The TomSym engine automatically completes the separation of simple bounds, linear and nonlinear constraints.
 
==Solving Linear, Quadratic  and Integer  Programming Problems==
 
This section describes how to define and solve linear and quadratic programming problems, and mixed-integer linear programs using TOMLAB. Several examples are given on how to proceed, depending on if a quick solution is wanted, or more advanced tests are needed. TOMLAB  is also compatible with MathWorks Optimization TB. See Appendix E for more information and test examples.
 
The test examples and output  files are part  of the standard distribution  of TOMLAB, available in directory ''usersguide'', and all tests can be run by the user. There is a file ''RunAllTests ''that goes through and runs all tests for this section.
 
Also see the files ''lpDemo.m'', ''qpDemo.m'', and ''mipDemo.m'', in the directory ''examples'', where in each file a set of simple examples are defined. The examples may be ran by giving the corresponding file name, which displays a menu, or by running the general TOMLAB  help routine ''tomHelp.m''.
 
===Linear Programming  Problems===
 
The general formulation in TOMLAB  for a linear programming problem is
 
 
<math>
\label{eq2:lp}
\begin{array}{ll}
\min\limits_{x} & f(x) = c^T x \\
&  \\
s/t & \begin{array}{lcccl}
x_{L} & \leq  & x    & \leq & x_{U}, \\
b_{L} & \leq  & A x  & \leq & b_{U} \\
\end{array}
\end{array}
</math>
 
 
where <math>$c, x, x_L, x_U \in \MATHSET{R}^n$</math>,
<math>$A \in \MATHSET{R}^{m_1 \times n}$</math>, and <math>$b_L,b_U \in \MATHSET{R}^{m_1}$</math>.

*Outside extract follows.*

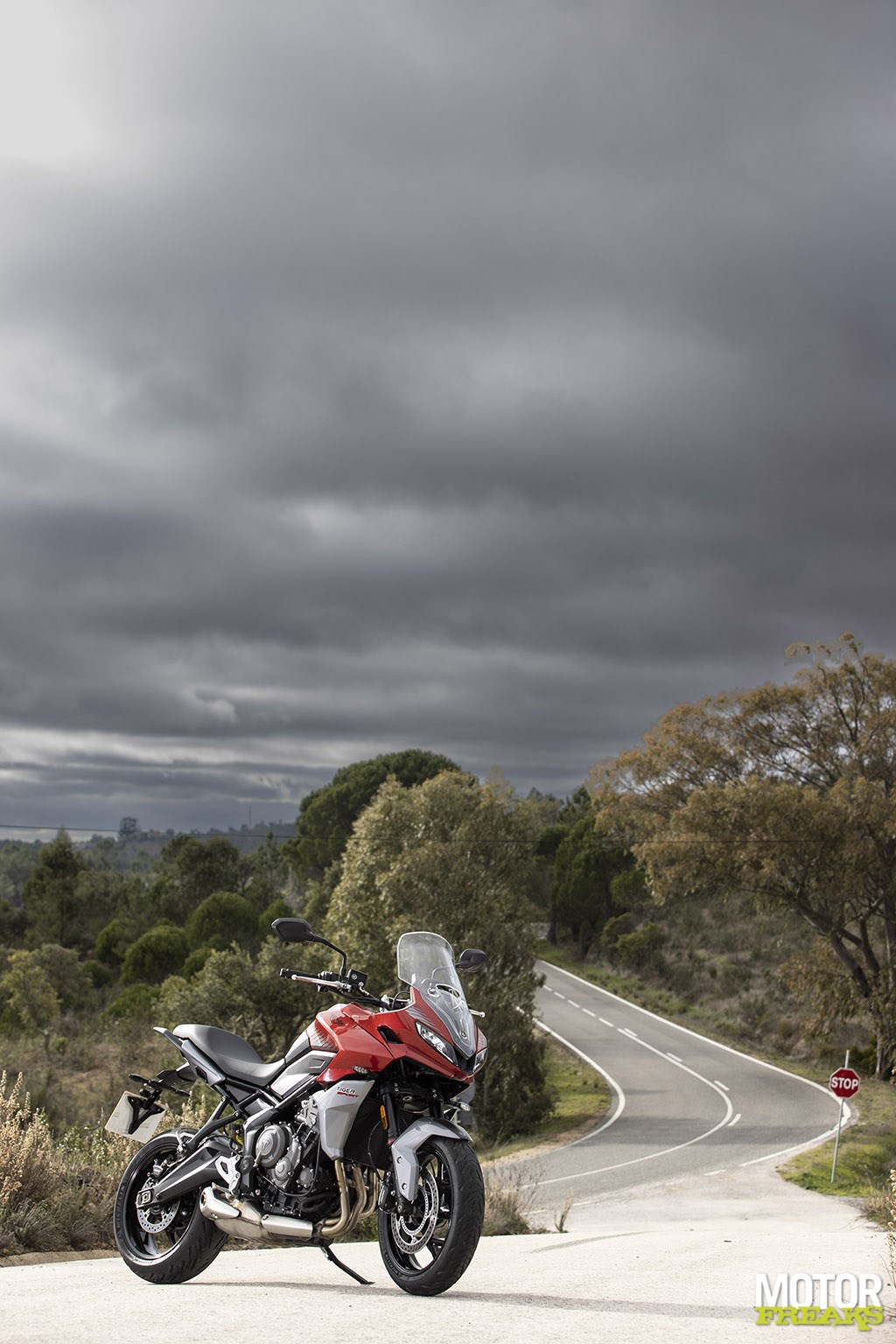 triumph_my22_tiger_sport_660_47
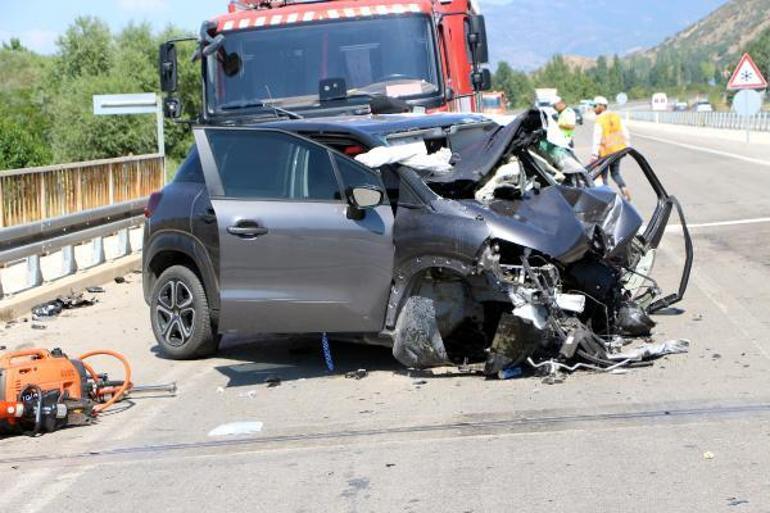 Otomobil bariyerlere çarptı; 1 ölü, 1 yaralı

Equality constraints are defined by setting
the lower bound equal to the upper bound, i.e.
for constraint <math>$i$: $b_{L}(i) =  b_{U}(i)$</math>.
 
To illustrate the solution of LPs consider the simple linear programming test problem
 
 
<math>
\label{defLP1}
\begin{array}{ccccl}
\min\limits_{x_{1},x_{2}} & f(x_{1},x_{2}) & = & -7x_{1}-5x_{2} & 
\\s/t &  x_{1}  + 2x_{2}  & \leq  &  6  &  \\    & 4x_{1} +  x_{2}  & \leq  &  12  &  \\    &  x_{1},x_{2}      & \geq  &  0  &
\end{array}
</math>
 
named ''LP Example''.
 
The following statements define this problem in Matlab
 
'''File: '''tomlab/usersguide/lpExample.m
 
<pre>
Name = 'lptest';
c = [-7 -5]'; %  Coefficients in linear objective function
A = [ 1 2
            4 1 ]; %  Matrix defining linear  constraints
b_U = [ 6 12 ]'; %  Upper bounds on the  linear inequalities
x_L = [ 0 0 ]'; %  Lower bounds on x
 
%  x_min and x_max are  only  needed if doing  plots
x_min = [ 0  0 ]';
x_max = [10  10 ]';
 
%  b_L,  x_U and x_0 have default values  and need not  be defined.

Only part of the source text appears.